If it disappears, we as a culture lose diversity, and abandon an important approach to the high-level teaching of screen creation. It is a truism that education at this level is about intense practice and experimentation in a way which shares methods and encourages individuality. AFTRS is the only other school like this, but it has been criticised persistently for a certain sort of mediocrity. It has a lot of money, huge amounts of technical support, and creates cookie-cutter blandness.

As a result of this disquiet, AFTRS has been torn to pieces, and is being rebuilt around different models, which incorporate a full time undergraduate degree. It will take a while to see how this plays out.

Two very bad things have been happening to VCA Film and Television School over the last few years. With no other support mechanism available, the VCA fell into the hands of Melbourne University. That meant it was subjected to the same gross financial pressure of any other department, and has been subsumed in the particular machinations of that institution. I am not qualified to talk about that monumental train wreck, (which included Melbourne University Private) except to say that I once taught a useful screenwriting course there, it was cheap, it was oversubscribed, and it was abolished.

Unfortunately, film and television production is very expensive to teach. It needs technology, studio space and one-to-one contact with staff. The place is infused and inspired by industry staff on casual contracts.
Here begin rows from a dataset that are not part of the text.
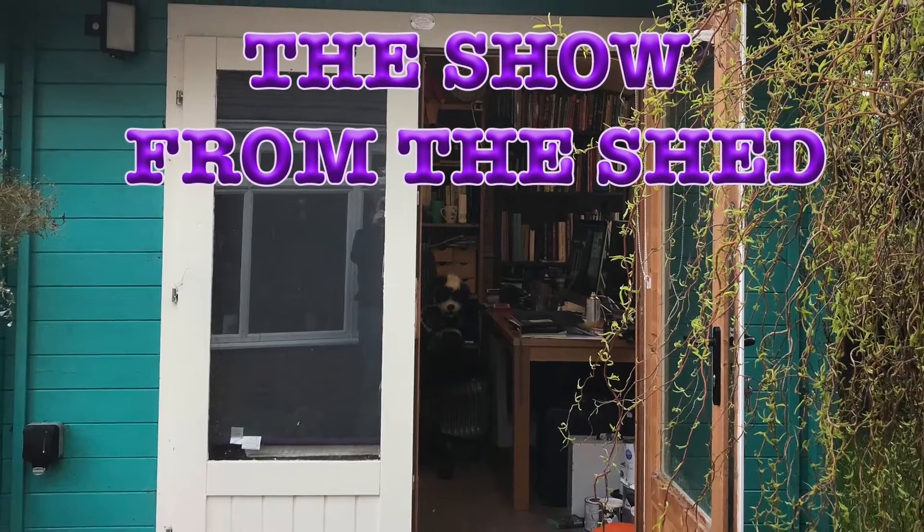It's Thursday. It's whatever time it is. But it's time for Show From The Shed! Welcome to the Show From The Shed. This is my shed.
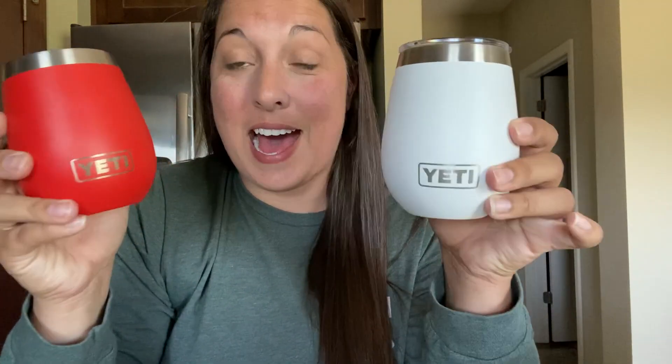Okay, wine lovers. So these are the Yeti 10 ounce wine tumblers. These are my go-to for the late night sitting around the patio, out at the bonfire, camping, sitting on the boat, taking a little stroll around the neighborhood, whatever it may be. Maybe you're just watching your favorite TV show, but these are so great to have for that.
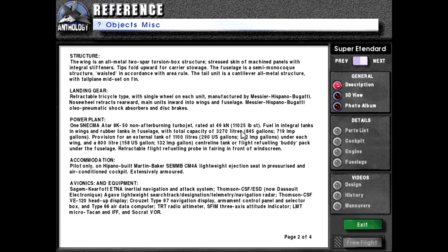Power plant: One SNECMA ATAR 8K-59 afterburning turbojet rated at 49 kilonewtons or 11,025 pounds force. Fuel in integral tanks in wings and rubber tanks in fuselage with total capacity of 3,270 liters or 845 US gallons or 719 imperial gallons. Provision for an external tank of 1,100 liters under each wing and a 600-liter centerline tank or flight refueling buddy pack under the fuselage. Retractable flight refueling probe and fairing in front of windscreen.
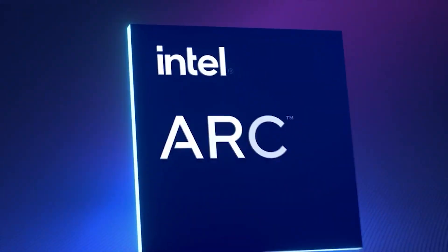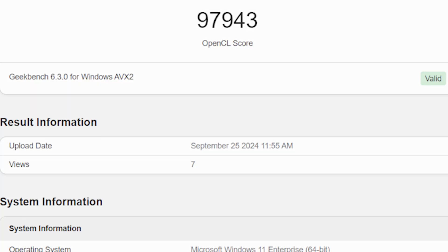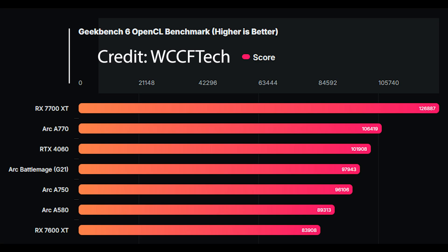The score here is approximately 98,000, which means it's scoring a little bit more than an A750. However, while that doesn't sound particularly amazing, you have to remember that this is not the full configuration, and God knows what the state of the drivers and BIOSes are at this stage — so it's quite difficult to know. Thirdly, this is compute-focused and is not necessarily indicative of gaming performance.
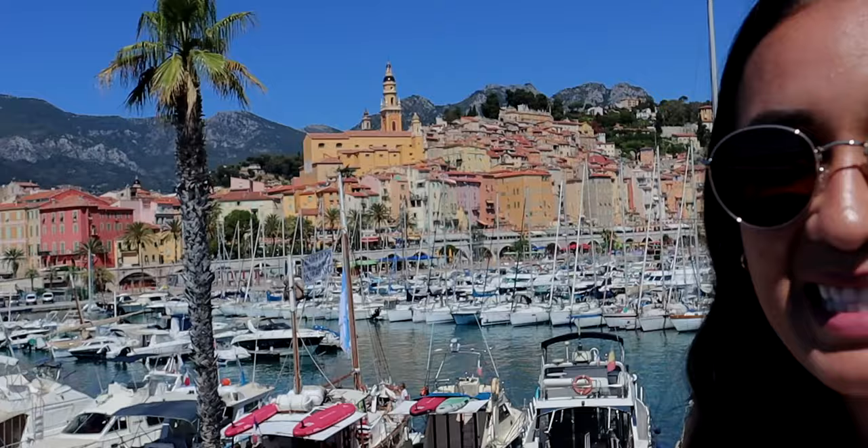Today we are visiting Menton, a town on the French Riviera right at the border of Italy, and as you can see the view from behind me is absolutely stunning. We're about to climb to the top — there's a cemetery up there and I believe a church, I may be wrong — but I am so excited to be here. This is the closest I could get to Italy for now, but let's go explore this town.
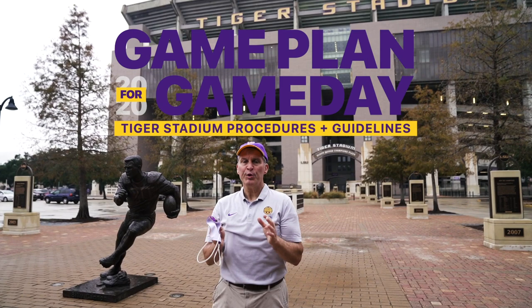As part of LSU Athletics' commitment to fan safety, there are a few new procedures and information to know about before you arrive at Tiger Stadium. Please make sure that you complete the following items in advance of your arrival at Tiger Stadium.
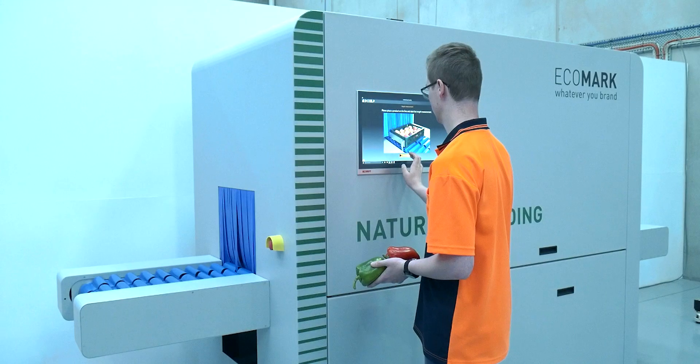Over the last few years, we've been working and collaborating with some amazing partners in Echomark and Maxa to bring something truly innovative to the marketplace, in the form of a machine you see behind me — the Natural Branding Echomark system.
Ever since the school started in 1967, students have carried an outrageous financial burden to make their films, which has been a material problem in their subsequent careers.

Now, they are getting a lot less money spent on their educations. Here’s Robin Usher again:

‘The National Tertiary Education Union’s Matthew McGowan says trust in the administration under dean Sharman Pretty (pictured) is breaking down as anxieties grow about job security.

“Students enrol in the VCA, not Melbourne University, but that identity is under threat,” he says. “Promises given to the VCA about its future identity after the merger are being trashed.”

A 2005 heads of agreement over the merger also states there will be no changes to the college’s funding without consultation and that its identity will be preserved.

But Professor Pretty responded by pointing out the VCA no longer existed. “When the Federal Government withdrew the $5 million subsidy of the VCA, replacement money was supplied by Melbourne University until 2011,” she says. “The university rescued the VCA and now the aim is to make it sustainable.”

Her first priority is dealing with a $1.5 million deficit this year, before tackling the looming $11 million shortfall.”

That “sustainable” bit is about charging the schools rent for their studios, and cutting the staff-student ratio to cross-campus norms, and dividing a continuous program into semesters. By saying that the VCA no longer existed, Pretty is pointing out that the bits of it are just departments in an enveloping university, elements in a faculty of arts, fragments in a larger beast with a huge financial problem.

Under the Melbourne model, as one anonymous staff member told me on Friday, “students will learn in five years what they currently learn in half that time, with less production opportunities.”

As the VCA student website neatly says,

“Without immediate action the implementation of the “Melbourne Model” will see the V.C.A. ultimately dissolved into a broader, conventional fine arts degree. Limited specialisation will exist only for full fee-paying post-graduate students, in much larger numbers and in courses of reduced quality and length.”

Across the board, the education of artists faces a huge financial problem. It tends to be expensive in itself, requires a heap of subsidy by the student, and leads to a rotten income afterwards. That means students cannot afford to be significantly in debt afterwards. In this case, students will end up between $70-100,000 in hock at the end of the full five years; and that is without thinking about the costs of their productions.

To make matters worse, this sector does not require a tertiary ticket for entry. It kinds of assumes it in a general way, but people demonstrate their value by performance. Why on earth would you now go to VCA?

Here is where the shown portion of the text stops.